And that was it! Many thanks to Ryan for a dazzling talk, and to everyone who came. Thanks too to Greylock, Digg and Pandora for helping us put on the event…


June 4, 2010

Engineer-to-Engineer: Evolving a New Analytical Platform with Hadoop

In the second installment of our San Francisco series of engineer-to-engineer lectures, Jeff Hammerbacher described the challenges of building data-intensive, distributed applications and how using Hadoop saved the day at Facebook.  Speaking to an audience of approximately thirty Hadoop experts and enthusiasts hailing from all around the Bay Area, the Valley, and even Seattle, he also discussed what’s wrong with today’s analytical platforms and what will shape the platform of the future.

And Jeff should know.  After studying Mathematics at Harvard and wearing a suit as a quantitative analyst on Wall Street, he conceived, built, and led the data team at Facebook.  He then went on to start Cloudera, the leader in commercializing Apache Hadoop, where he currently works as Chief Scientist and VP of Products.  Jeff also served as Contributing Editor for a book: Beautiful Data: The Stories Behind Elegant Data Solutions, the proceeds of which are split between Creative Commons and Sunlight Labs.

The Scoop on Hadoop

Hadoop is an open source framework that enables data-intensive distributed applications to efficiently process gigantic amounts of data.  It’s an open source implementation of the MapReduce approach to processing data.  MapReduce was invented at Google to deal with the massive quantities of data necessary to index the web.  There are two main components to the system: the Hadoop Distributed File System (HDFS) which stores and maintains data across many machines, and the MapReduce engine which processes the data.

But the talk didn’t really go into Hadoop internals — as Jeff pointed out, the documentation is readily available online.  Rather, the talk was about how and why Hadoop will provide the foundation on which the next generation platform for analytics will be built.  Making bold predictions about technology is hard.  Jeff quoted Larry Ellison’s quip that “the computer industry is the only industry that is more fashion-driven than women’s fashion.”  And yet, using real-world examples from his experience at Facebook, Jeff makes a compelling sell.

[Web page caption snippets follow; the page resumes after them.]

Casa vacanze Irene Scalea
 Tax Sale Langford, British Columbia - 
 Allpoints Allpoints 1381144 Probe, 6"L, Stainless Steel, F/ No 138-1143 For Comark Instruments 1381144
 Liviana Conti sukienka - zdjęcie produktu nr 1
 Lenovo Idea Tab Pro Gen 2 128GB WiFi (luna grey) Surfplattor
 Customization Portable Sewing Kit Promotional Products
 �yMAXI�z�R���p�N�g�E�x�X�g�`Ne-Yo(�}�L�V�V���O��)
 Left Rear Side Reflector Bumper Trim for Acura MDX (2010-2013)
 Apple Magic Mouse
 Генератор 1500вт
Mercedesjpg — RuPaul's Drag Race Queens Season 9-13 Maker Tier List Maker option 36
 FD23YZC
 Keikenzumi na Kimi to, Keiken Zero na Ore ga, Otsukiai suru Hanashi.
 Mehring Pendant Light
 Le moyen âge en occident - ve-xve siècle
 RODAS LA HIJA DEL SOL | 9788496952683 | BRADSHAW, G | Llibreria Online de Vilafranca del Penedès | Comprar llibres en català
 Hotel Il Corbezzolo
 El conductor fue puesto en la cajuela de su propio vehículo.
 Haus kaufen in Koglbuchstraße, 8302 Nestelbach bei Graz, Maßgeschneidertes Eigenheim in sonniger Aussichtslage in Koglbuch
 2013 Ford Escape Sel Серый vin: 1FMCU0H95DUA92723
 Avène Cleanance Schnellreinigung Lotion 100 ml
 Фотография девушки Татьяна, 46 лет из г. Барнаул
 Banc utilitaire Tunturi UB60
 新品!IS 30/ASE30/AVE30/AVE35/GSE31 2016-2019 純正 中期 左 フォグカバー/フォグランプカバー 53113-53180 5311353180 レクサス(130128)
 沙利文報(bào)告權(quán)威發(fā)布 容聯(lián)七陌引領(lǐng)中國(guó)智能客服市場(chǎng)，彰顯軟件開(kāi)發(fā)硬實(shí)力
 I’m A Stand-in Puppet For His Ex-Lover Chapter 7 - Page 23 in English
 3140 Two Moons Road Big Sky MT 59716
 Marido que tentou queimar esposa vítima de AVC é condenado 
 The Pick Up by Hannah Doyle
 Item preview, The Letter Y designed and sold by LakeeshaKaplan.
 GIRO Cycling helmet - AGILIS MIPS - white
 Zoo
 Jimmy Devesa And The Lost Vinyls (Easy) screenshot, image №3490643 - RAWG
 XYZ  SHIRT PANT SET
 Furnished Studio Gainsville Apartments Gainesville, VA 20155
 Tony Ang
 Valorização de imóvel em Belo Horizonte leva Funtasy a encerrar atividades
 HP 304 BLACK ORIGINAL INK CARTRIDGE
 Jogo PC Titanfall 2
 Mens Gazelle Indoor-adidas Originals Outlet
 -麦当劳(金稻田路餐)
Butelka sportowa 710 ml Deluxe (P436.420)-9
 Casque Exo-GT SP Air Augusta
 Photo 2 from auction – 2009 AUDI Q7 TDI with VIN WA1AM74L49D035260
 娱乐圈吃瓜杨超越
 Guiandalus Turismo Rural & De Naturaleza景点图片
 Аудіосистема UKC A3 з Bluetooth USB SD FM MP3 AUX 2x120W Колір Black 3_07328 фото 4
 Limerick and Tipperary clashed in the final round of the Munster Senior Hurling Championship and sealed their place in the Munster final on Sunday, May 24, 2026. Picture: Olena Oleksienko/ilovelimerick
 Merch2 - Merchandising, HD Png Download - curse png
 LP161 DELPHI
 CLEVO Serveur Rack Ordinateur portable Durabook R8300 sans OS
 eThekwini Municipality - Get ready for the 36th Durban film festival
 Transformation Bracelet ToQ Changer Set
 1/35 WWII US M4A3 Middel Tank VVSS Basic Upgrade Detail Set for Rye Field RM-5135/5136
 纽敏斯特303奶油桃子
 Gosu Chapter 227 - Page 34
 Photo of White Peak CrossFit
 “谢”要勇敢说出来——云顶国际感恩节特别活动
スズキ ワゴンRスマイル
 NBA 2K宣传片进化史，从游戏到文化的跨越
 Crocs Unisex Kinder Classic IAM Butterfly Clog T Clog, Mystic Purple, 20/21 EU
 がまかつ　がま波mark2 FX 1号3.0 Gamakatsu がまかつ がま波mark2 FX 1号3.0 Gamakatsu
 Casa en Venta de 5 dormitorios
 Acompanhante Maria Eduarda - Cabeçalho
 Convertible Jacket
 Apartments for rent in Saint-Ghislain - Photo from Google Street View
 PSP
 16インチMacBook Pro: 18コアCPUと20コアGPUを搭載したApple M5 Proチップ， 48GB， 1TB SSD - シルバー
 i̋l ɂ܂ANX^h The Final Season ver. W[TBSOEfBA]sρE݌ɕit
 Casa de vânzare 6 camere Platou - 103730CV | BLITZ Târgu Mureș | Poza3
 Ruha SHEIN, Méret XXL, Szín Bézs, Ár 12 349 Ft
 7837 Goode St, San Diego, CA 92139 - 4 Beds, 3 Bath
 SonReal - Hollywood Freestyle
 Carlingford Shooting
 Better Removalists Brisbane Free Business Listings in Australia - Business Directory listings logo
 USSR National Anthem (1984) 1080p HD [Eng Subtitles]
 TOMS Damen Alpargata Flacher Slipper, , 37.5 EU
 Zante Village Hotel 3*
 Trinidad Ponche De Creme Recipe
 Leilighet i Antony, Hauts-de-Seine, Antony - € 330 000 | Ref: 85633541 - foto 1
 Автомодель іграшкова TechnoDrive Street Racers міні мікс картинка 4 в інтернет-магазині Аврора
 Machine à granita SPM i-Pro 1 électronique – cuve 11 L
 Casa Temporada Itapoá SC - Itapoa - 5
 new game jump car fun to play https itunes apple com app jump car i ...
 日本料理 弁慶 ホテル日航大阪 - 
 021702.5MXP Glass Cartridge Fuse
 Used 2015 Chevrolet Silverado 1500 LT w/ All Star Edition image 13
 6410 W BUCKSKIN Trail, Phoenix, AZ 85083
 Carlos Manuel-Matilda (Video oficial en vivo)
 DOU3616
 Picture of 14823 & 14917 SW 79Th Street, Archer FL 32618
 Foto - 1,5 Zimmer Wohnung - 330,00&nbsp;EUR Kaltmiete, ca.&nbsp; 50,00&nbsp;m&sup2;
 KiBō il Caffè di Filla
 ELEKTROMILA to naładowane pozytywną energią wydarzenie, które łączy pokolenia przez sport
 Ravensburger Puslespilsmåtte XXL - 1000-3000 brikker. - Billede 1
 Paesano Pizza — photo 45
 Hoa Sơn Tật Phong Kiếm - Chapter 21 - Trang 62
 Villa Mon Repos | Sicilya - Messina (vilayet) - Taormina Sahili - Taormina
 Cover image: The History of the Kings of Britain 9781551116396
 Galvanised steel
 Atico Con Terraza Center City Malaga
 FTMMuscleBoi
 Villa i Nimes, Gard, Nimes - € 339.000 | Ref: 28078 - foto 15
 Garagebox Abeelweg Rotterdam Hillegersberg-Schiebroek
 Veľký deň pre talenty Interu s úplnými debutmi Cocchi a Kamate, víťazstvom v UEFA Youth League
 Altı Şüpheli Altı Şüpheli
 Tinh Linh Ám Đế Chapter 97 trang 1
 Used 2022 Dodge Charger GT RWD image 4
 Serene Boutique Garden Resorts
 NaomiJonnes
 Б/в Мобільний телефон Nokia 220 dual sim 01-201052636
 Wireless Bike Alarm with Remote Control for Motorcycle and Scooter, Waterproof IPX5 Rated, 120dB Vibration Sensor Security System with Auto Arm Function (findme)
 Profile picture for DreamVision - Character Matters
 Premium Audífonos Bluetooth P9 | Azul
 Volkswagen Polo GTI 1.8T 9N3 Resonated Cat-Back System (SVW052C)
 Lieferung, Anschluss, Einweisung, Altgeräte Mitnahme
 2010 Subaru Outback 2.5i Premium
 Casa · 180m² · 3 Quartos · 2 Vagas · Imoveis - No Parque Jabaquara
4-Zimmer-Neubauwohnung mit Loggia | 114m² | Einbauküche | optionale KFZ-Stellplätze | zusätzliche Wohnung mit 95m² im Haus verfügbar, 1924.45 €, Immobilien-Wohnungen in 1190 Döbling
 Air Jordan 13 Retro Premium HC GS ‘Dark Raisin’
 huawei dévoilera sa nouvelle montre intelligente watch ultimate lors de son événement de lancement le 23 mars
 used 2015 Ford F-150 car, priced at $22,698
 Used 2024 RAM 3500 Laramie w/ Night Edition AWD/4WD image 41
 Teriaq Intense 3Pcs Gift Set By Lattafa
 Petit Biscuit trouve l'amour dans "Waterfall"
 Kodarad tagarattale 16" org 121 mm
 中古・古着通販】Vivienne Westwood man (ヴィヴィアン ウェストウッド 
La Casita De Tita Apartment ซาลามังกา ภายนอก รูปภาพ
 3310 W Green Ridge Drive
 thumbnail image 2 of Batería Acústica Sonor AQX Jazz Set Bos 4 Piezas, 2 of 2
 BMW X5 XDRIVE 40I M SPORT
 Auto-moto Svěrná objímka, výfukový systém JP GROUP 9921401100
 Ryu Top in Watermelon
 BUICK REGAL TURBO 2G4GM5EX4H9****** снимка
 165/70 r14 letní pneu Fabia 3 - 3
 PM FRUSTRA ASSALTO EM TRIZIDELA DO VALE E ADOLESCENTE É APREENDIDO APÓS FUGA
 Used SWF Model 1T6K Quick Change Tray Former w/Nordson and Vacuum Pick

Bottlenecks, Costs, the Black Box, and the Kitchen Sink

A typical architecture for large-scale data analysis includes a data source, a data warehouse, ETL (aka: “extract-transform-load”; the step that gets data out of and into RDBMSs and converts source data to the data warehouse’s format), and business intelligence and analytics systems – all of which are usually centered around relational databases.  However, Jeff stressed that a relational database is a specialty and not a foundation, arguing that the abstractions provided by them are no longer useful on their own for analytical data management.

One reason is that over the past few years, there has been an explosion in data volume primarily originating from machine-generated logs.  By simply tweaking an Apache log, you can grow your data volume and complexity by several orders of magnitude.  As we’ll see in Facebook’s case, their relational database approach simply didn’t scale and they soon needed new tools to handle the load.

Another point Jeff made was that the percentage of data that actually gets stored in a relational database is shrinking.  What do you do with all the unstructured data (accounting for 95% of the digital universe) that doesn’t necessarily make sense to persist relationally?  Do you still need expensive relational data warehouses and proprietary boutique servers?  Jeff’s team at Facebook made a bet on commodity hardware which turned out to be a good move, ultimately pushing the complexity out of hardware and into the software layer.

They also bet on open source data stores built by consumer web firms, arguing that web properties have the most representative problems: scalability and unstructured data management.  Jeff stated that most production-quality data stores came from enterprise software firms in the mid-1990s, but now a growing percentage of the world’s data is persisted in open source data stores.  He also mentioned that a nice side-effect of adopting open source solutions is that it’s much better to have a modular collection of open tools rather than an opaque abstraction.  Why?  Because there’s great benefit in being able to pick and choose solutions and understand what’s going on under the hood.

Jeff noted that another problem is that, in many cases, enterprise software does not service developers well. Many relational data warehouses simply just expose SQL; but to get real traction/adoption from developers, you need more than that…  You need open applications for analysis, not just a SQL interface.  He feels that “in addition, these data stores often expose a proprietary interface for application programming (e.g. PL/SQL or TSQL), but not the full power of procedural programming.  More programmer-friendly parallel dataflow languages await discovery, I think.  MapReduce is one (small) step in that direction.”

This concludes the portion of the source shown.